Some metal bands operate like businesses. Giant Squid operate more like a family project. They are not bound to the rigors of press and tour cycles; instead, they work whenever the real-life pressures of career, school, and child-rearing allow. This irregular schedule has kept them from achieving the visibility that their music deserves, but it has also allowed Aaron Gregory, the band’s paterfamilias, to shepherd the group through countless lineup changes over its decade-long existence.

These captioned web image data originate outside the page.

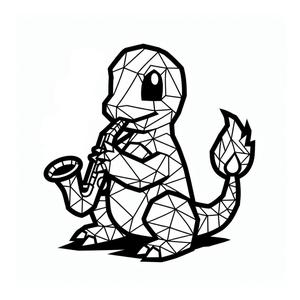Charmandersax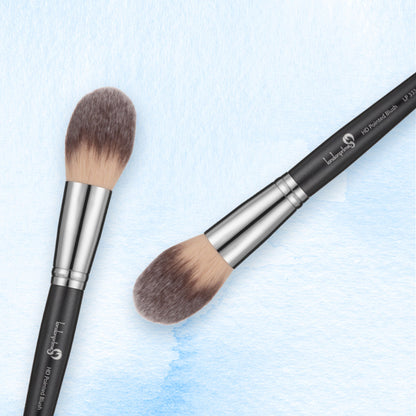 London Prime HD Pointed Blush Brush   LP333 ( Formerly London Pride Cosmetics )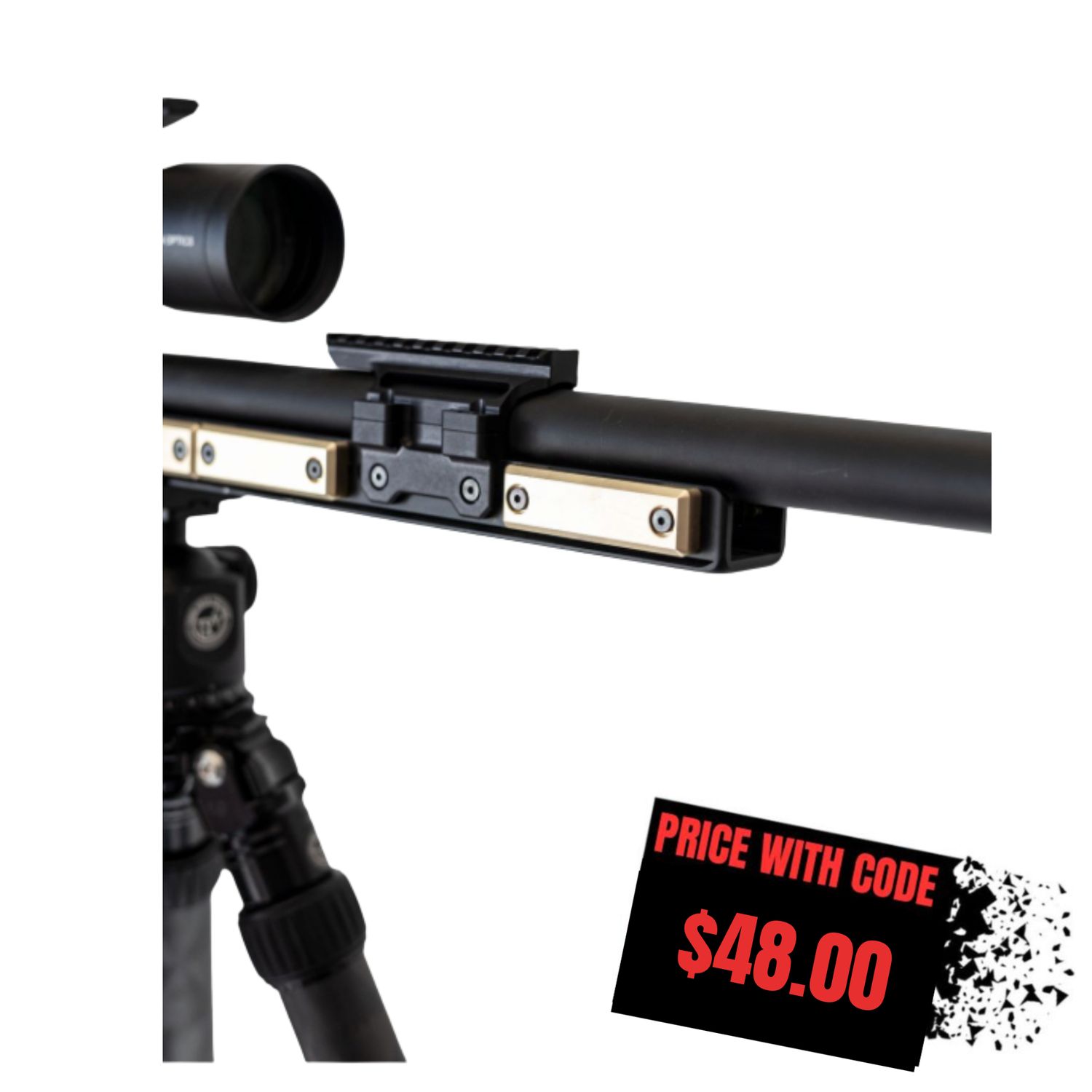 M-LOK Exterior Forend Weights [pair]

Gregory is a paterfamilias in more than one sense. He has a child with his bandmate & metal-cellist-at-large Jackie Gratz. The complexities of their personal and professional lives have slowed Giant Squid’s release schedule. Their fans have waited for four years since their last full-length The Ichthyologist, and two since their nearly-full-length EP Cenotes.

In the meantime, their label Translation Loss has reissued Monster in the Creek, an out-of-print EP that Giant Squid self-released in 2005. The updated version of the EP includes a new layout, a variety of demo versions and live cuts, and a DVD that features interviews, studio clips, and live footage from the era. We’ve got some of that live footage streaming below; the original EP is embedded above.

Making music is always a personal endeavor, but Gregory’s band is an unusually intimate extension of his personal life. I caught up with him via e-mail about the re-release and Giant Squid’s current status.

— Doug Moore

Giant Squid – “Dare We Ask the Widow,” October 2005

Monster In the Creek originally came out in 2005, between the original recording of Metridium Fields in 2003 and the re-recording in 2006. The lineup has turned over substantially since then. Who was involved in Monster in the Creek, and who’s still around?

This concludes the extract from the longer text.